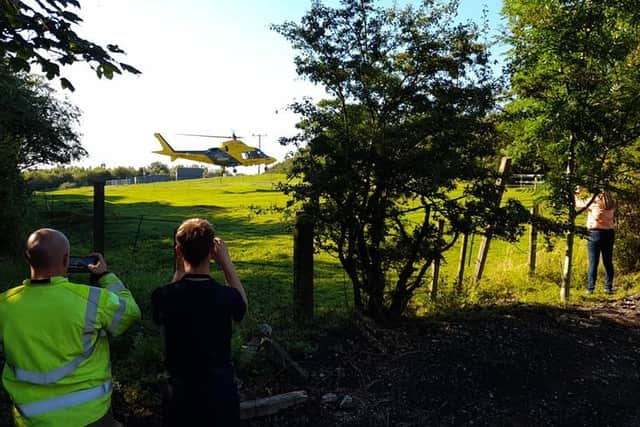 An air ambulance landed in a field to attend to the casualties. Credit: Staveley Fire Station.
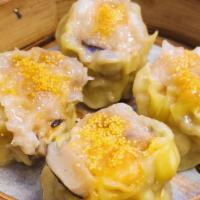 Steamed Pork Shumai 干蒸燒賣 · Steamed dumpling filled with pork, minced shrimp, and mushroom wrapped in a wonton wrapper a...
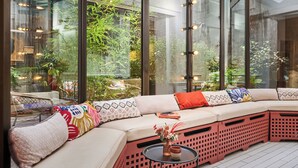 Un espace extérieur moderne aménagé avec un banc rembourré, une petite table ornée d’un vase et d’une tasse, et offrant une vue sur la verdure grâce à de grandes fenêtres.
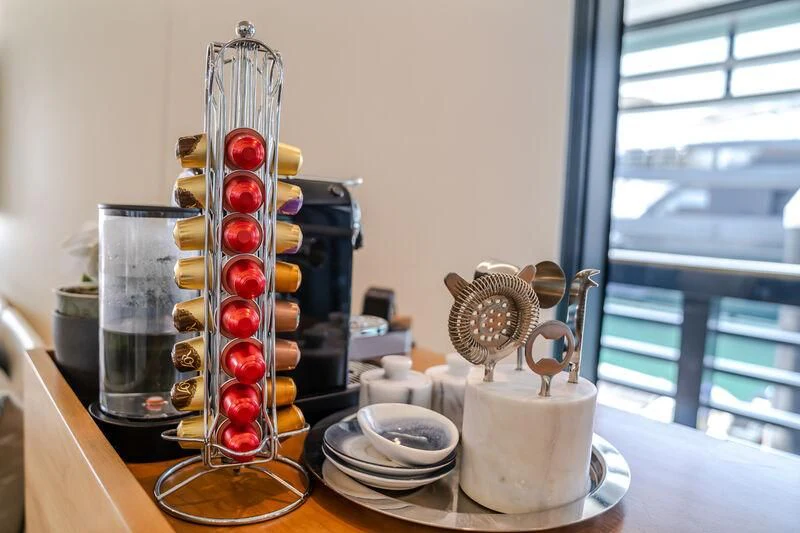 a vase with red and gold balls aboard OCEAN SAPPHIRE Yacht for Sale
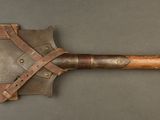 a close up of a wooden handled shovel on a gray surface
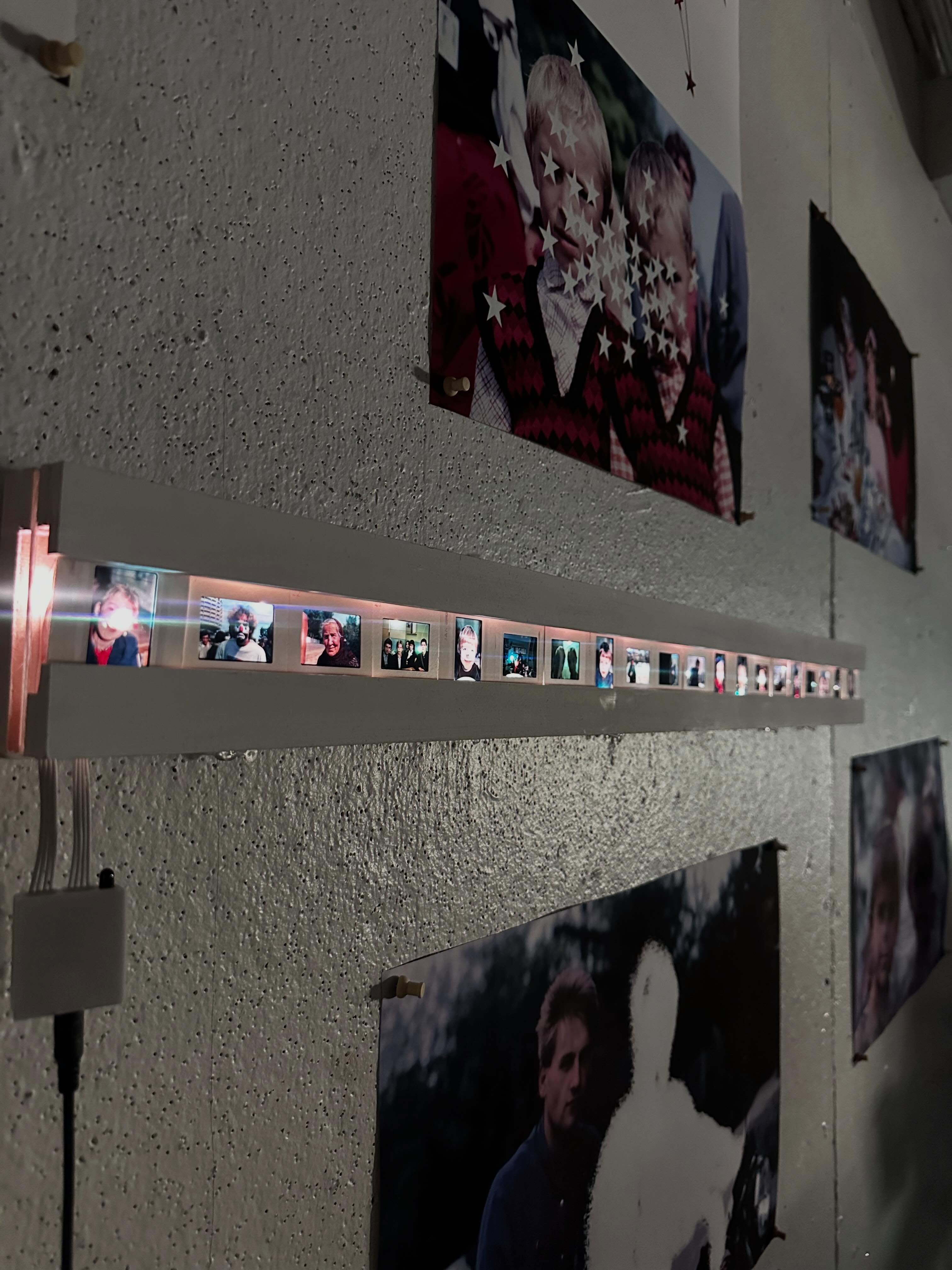 Installation view of the illuminated slide holder and archival images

★ ★ ★ ★

Task instructions:
Write out the listing above again, exactly, but with no pictures in the copy.

Task solution:
 An air ambulance landed in a field to attend to the casualties. Credit: Staveley Fire Station.
 Steamed Pork Shumai 干蒸燒賣 · Steamed dumpling filled with pork, minced shrimp, and mushroom wrapped in a wonton wrapper a...
 Un espace extérieur moderne aménagé avec un banc rembourré, une petite table ornée d’un vase et d’une tasse, et offrant une vue sur la verdure grâce à de grandes fenêtres.
 a vase with red and gold balls aboard OCEAN SAPPHIRE Yacht for Sale
 a close up of a wooden handled shovel on a gray surface
 Installation view of the illuminated slide holder and archival images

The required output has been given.